Virtual machine health checks

Virtual machine health checks

You can configure virtual machine (VM) health checks by defining readiness and liveness probes in the VirtualMachine resource.

About readiness and liveness probes

Use readiness and liveness probes to detect and handle unhealthy virtual machines (VMs). You can include one or more probes in the specification of the VM to ensure that traffic does not reach a VM that is not ready for it and that a new VM is created when a VM becomes unresponsive.

A readiness probe determines whether a VM is ready to accept service requests. If the probe fails, the VM is removed from the list of available endpoints until the VM is ready.

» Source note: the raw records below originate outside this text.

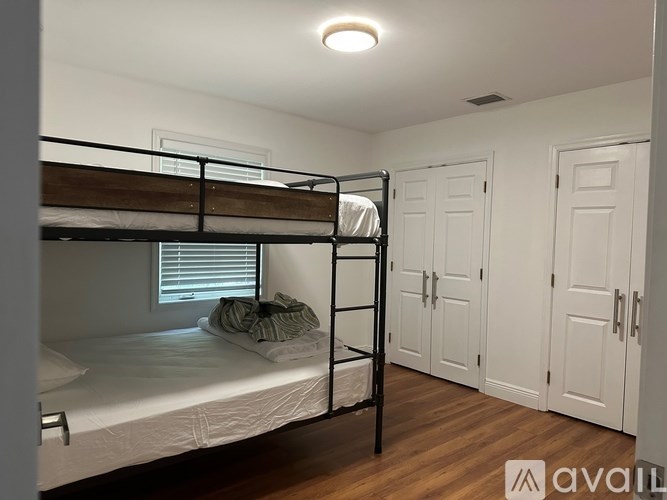 A room with bunk beds and wooden floors.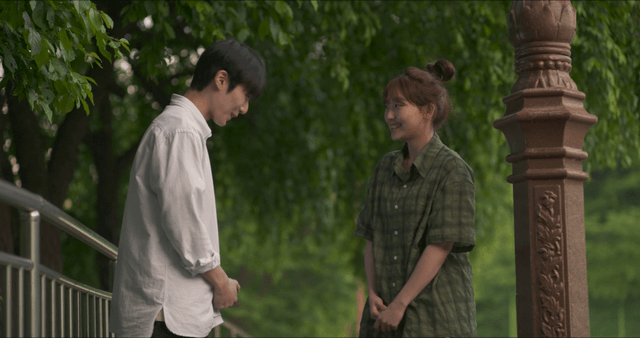 Couple having a conversation outdoors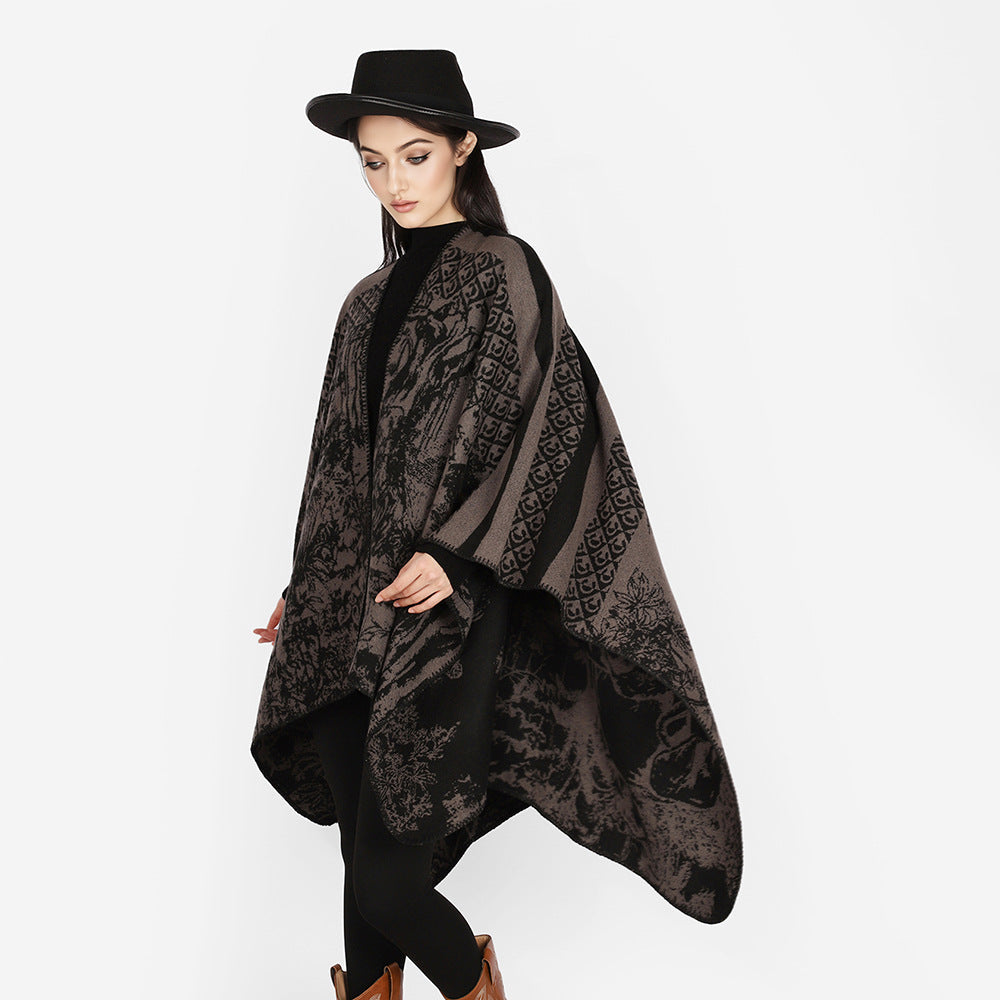 Dam jacquard stickad cape med ståkrage och graphic forest design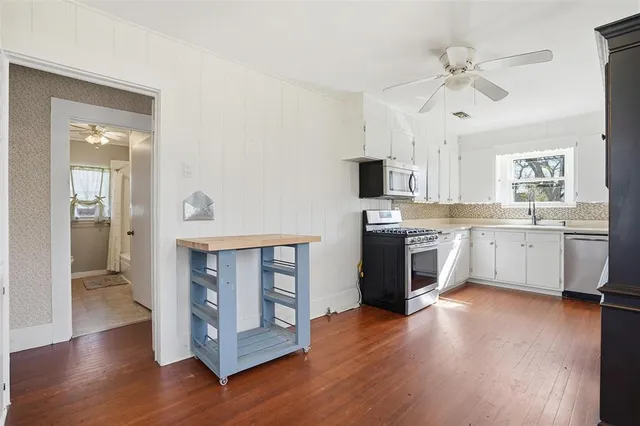 a view of kitchen with sink and wooden floor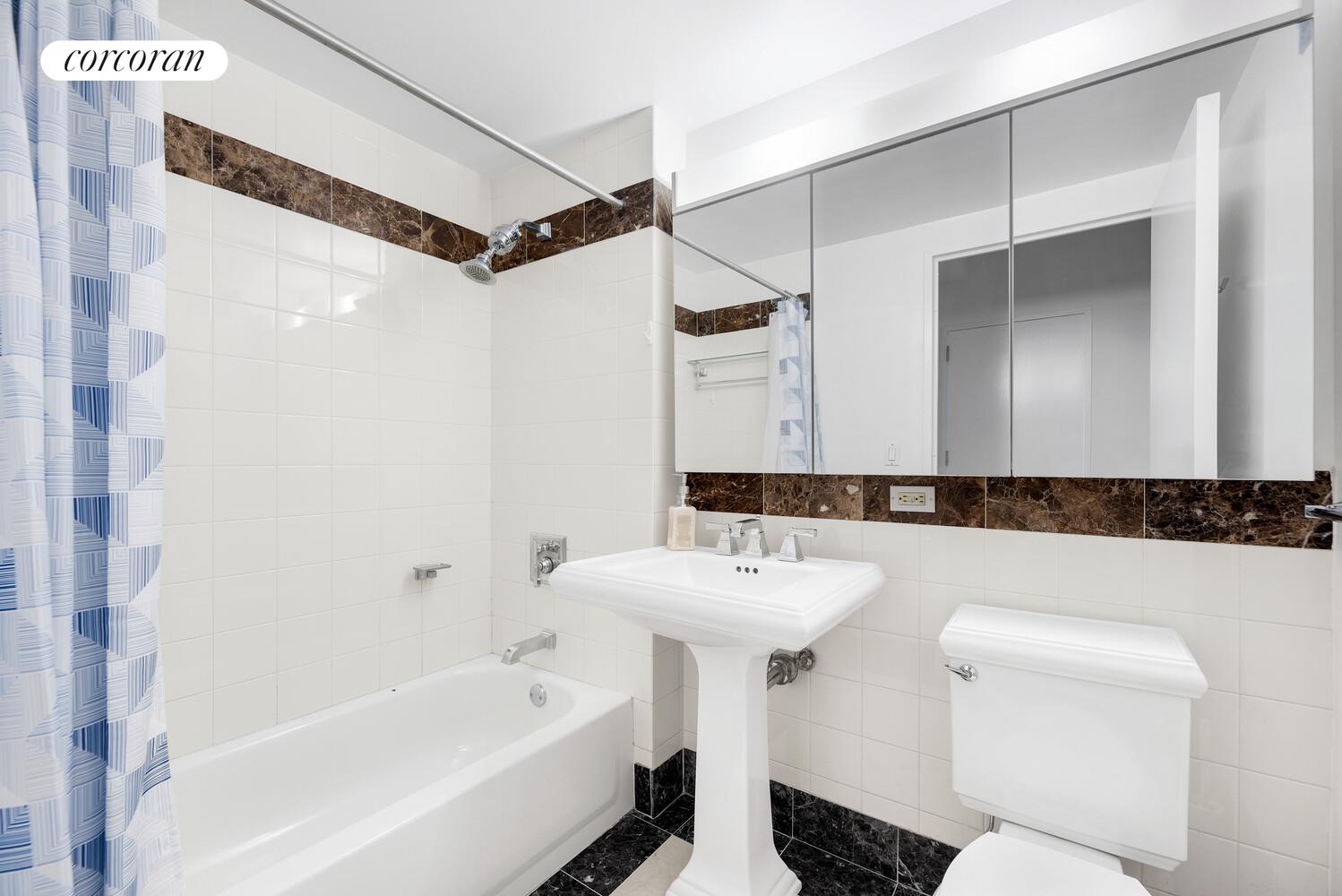 455 Main Street, Unit 16A Manhattan, NY 10044 - Photo 4 of 18 a bathroom with a sink a toilet and shower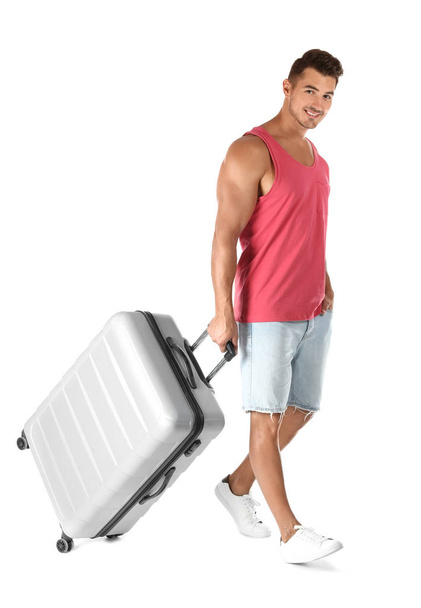 Young man walking with suitcase on white background - Zdjęcie, obraz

A liveness probe determines whether a VM is responsive. If the probe fails, the VM is deleted and a new VM is created to restore responsiveness.

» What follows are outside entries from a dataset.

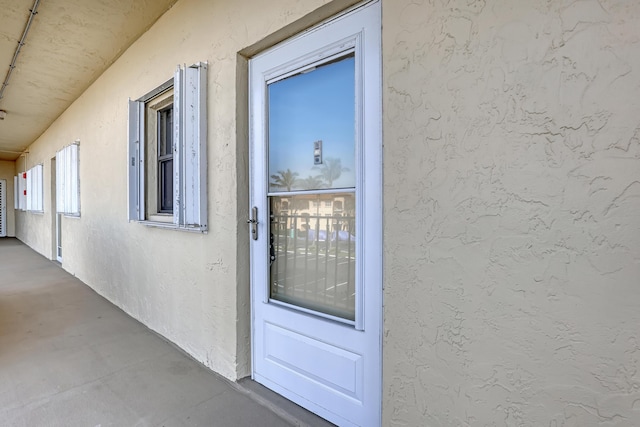 7430 S Ocean Dr Unit 319, Jensen Beach, FL 34957 - doorway to property with stucco siding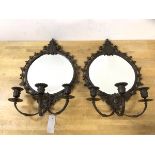 A pair of patinated metal girandole mirrors, each circular bevelled plate within frame elaborately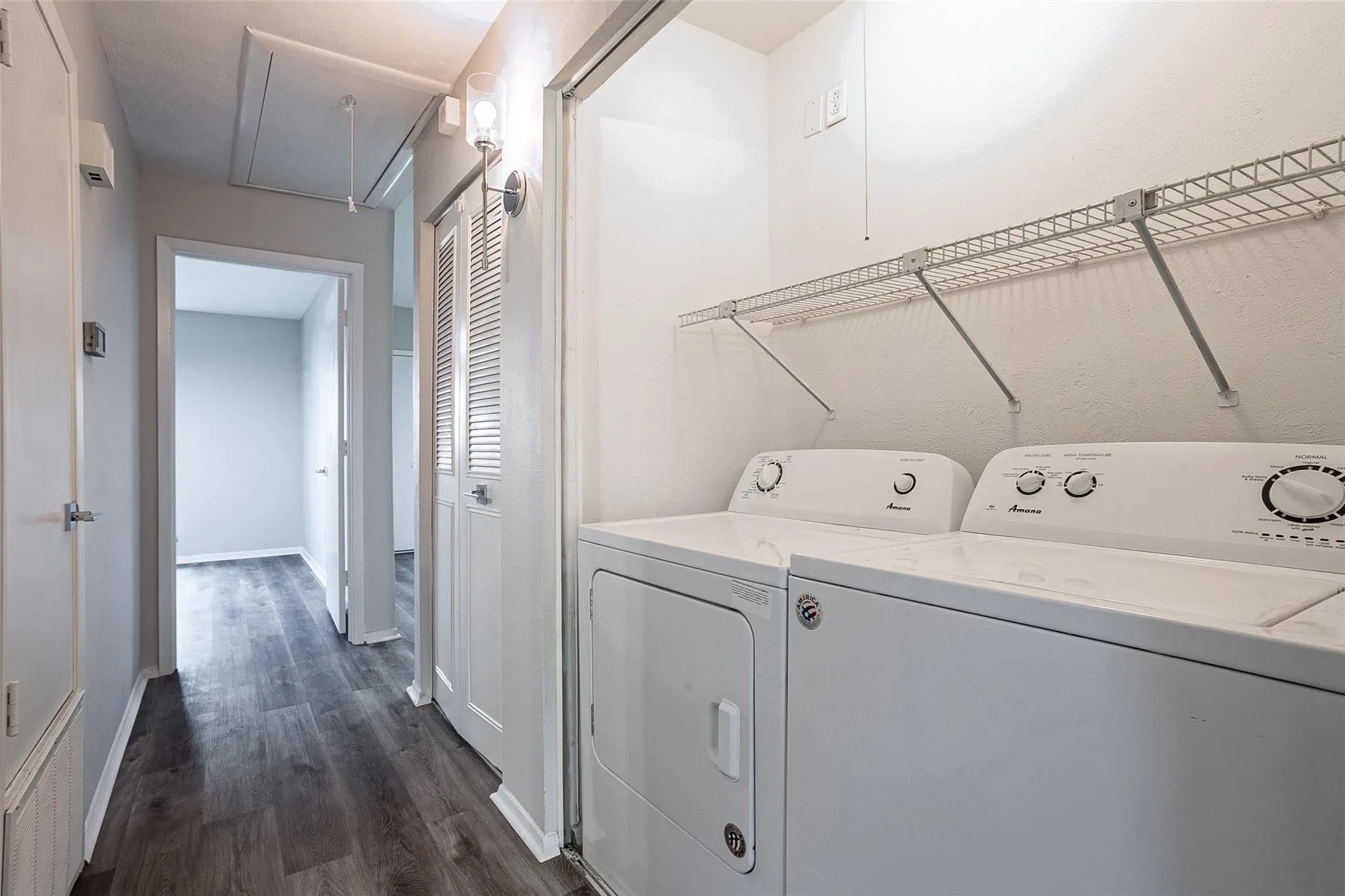 Dedicated laundry area featuring white washer and dryer units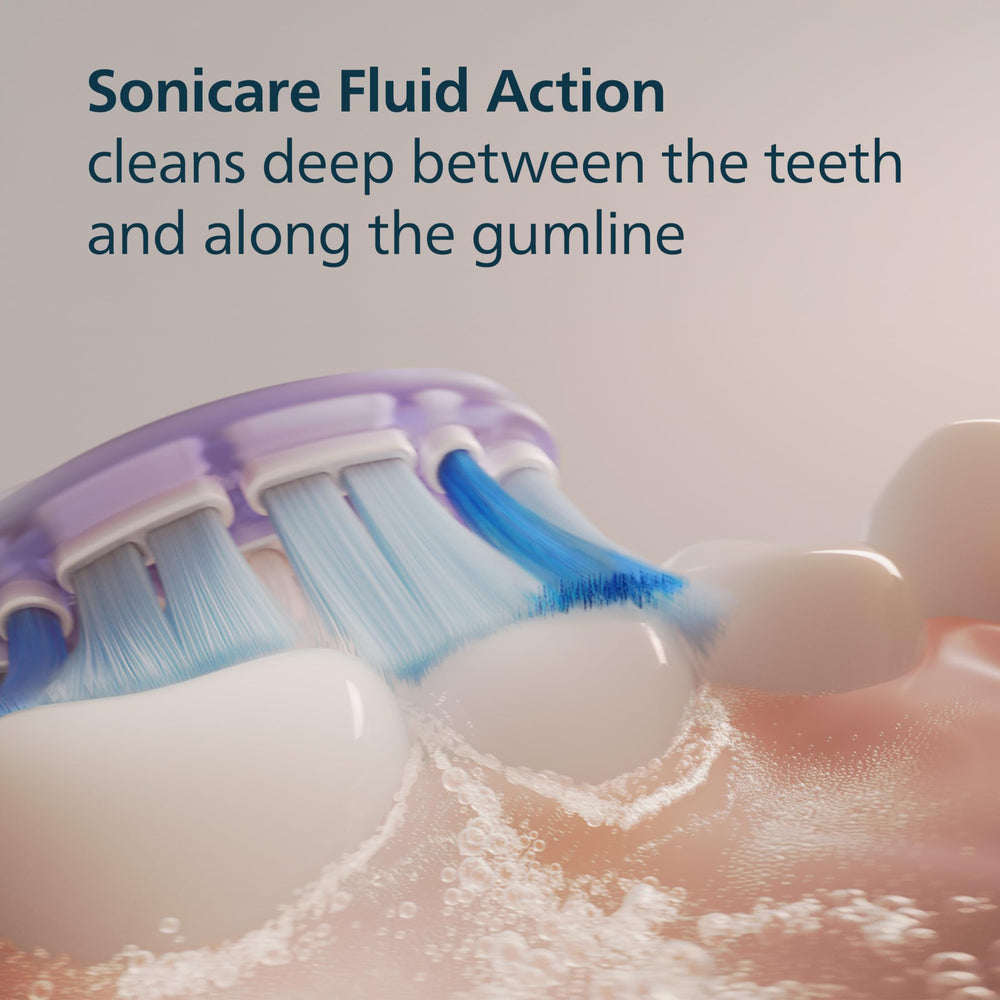 Philips Sonicare brush head next to toothbrush for scale and sizing clarity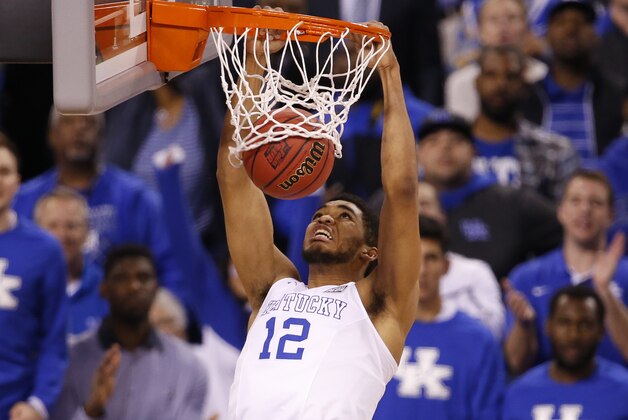 Apr 4, 2015; Indianapolis, IN, USA; Kentucky Wildcats forward Karl-Anthony Towns (12) dunks during the second half of the 2015 NCAA Men's Division I Championship semi-final game against the Wisconsin Badgers at Lucas Oil Stadium. Mandatory Credit: Brian Spurlock-USA TODAY Sports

You can configure readiness and liveness probes by setting the spec.readinessProbe and the spec.livenessProbe fields of the VirtualMachine object. These fields support the following tests:

HTTP GET

The probe determines the health of the VM by using a web hook. The test is successful if the HTTP response code is between 200 and 399. You can use an HTTP GET test with applications that return HTTP status codes when they are completely initialized.

TCP socket

The probe attempts to open a socket to the VM. The VM is only considered healthy if the probe can establish a connection. You can use a TCP socket test with applications that do not start listening until initialization is complete.

Guest agent ping

The probe uses the guest-ping command to determine if the QEMU guest agent is running on the virtual machine.

Defining an HTTP readiness probe

Define an HTTP readiness probe by setting the spec.readinessProbe.httpGet field of the virtual machine (VM) configuration.

Procedure

Include details of the readiness probe in the VM configuration file.

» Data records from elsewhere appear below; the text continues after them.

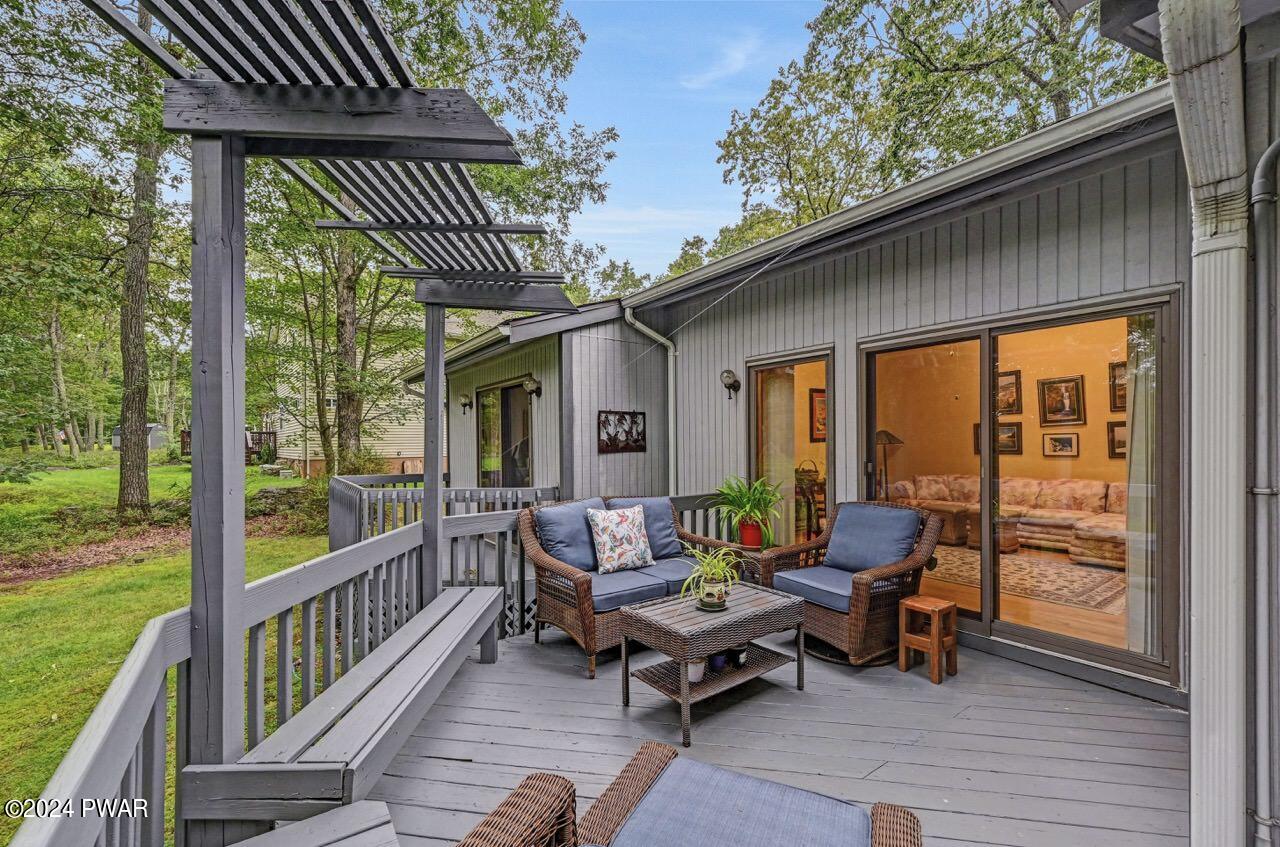 141 Maple Ridge Drive Hawley, PA 18428 - Photo 6 of 84 a roof deck with table and chairs and wooden floor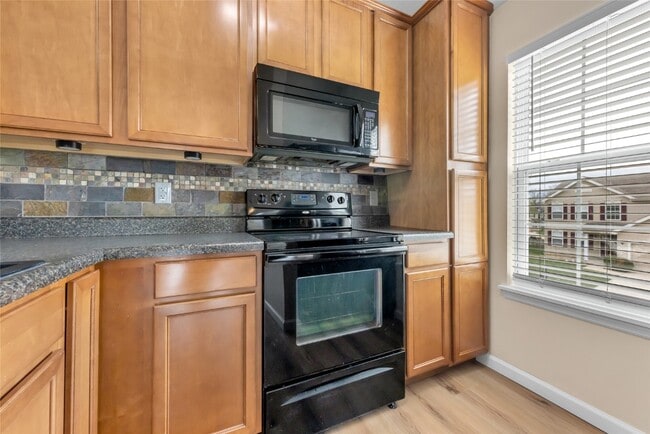 Building Photo - 6303 Spring River Dr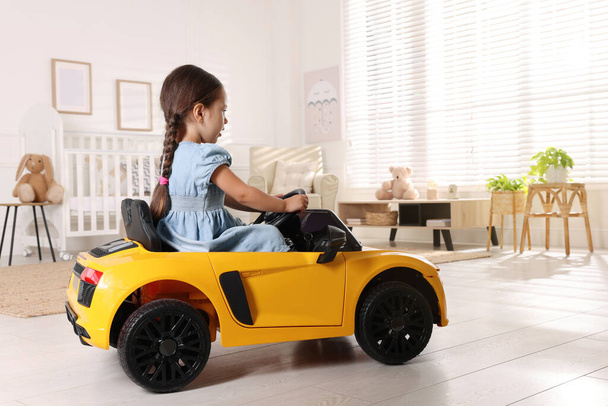 Adorable child driving toy car in room at home - Foto, Bild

Sample readiness probe with an HTTP GET test

# ...
spec:
  readinessProbe:
    httpGet: (1)
      port: 1500 (2)
      path: /healthz (3)
      httpHeaders:
      - name: Custom-Header
        value: Awesome
    initialDelaySeconds: 120 (4)
    periodSeconds: 20 (5)
    timeoutSeconds: 10 (6)
    failureThreshold: 3 (7)
    successThreshold: 3 (8)
# ...

1	The HTTP GET request to perform to connect to the VM.
2	The port of the VM that the probe queries. In the above example, the probe queries port 1500.
3	The path to access on the HTTP server. In the above example, if the handler for the server’s /healthz path returns a success code, the VM is considered to be healthy. If the handler returns a failure code, the VM is removed from the list of available endpoints.
4	The time, in seconds, after the VM starts before the readiness probe is initiated.
5	The delay, in seconds, between performing probes. The default delay is 10 seconds. This value must be greater than `timeoutSeconds`.
6	The number of seconds of inactivity after which the probe times out and the VM is assumed to have failed. The default value is 1. This value must be lower than `periodSeconds`.
7	The number of times that the probe is allowed to fail. The default is 3. After the specified number of attempts, the pod is marked `Unready`.
8	The number of times that the probe must report success, after a failure, to be considered successful. The default is 1.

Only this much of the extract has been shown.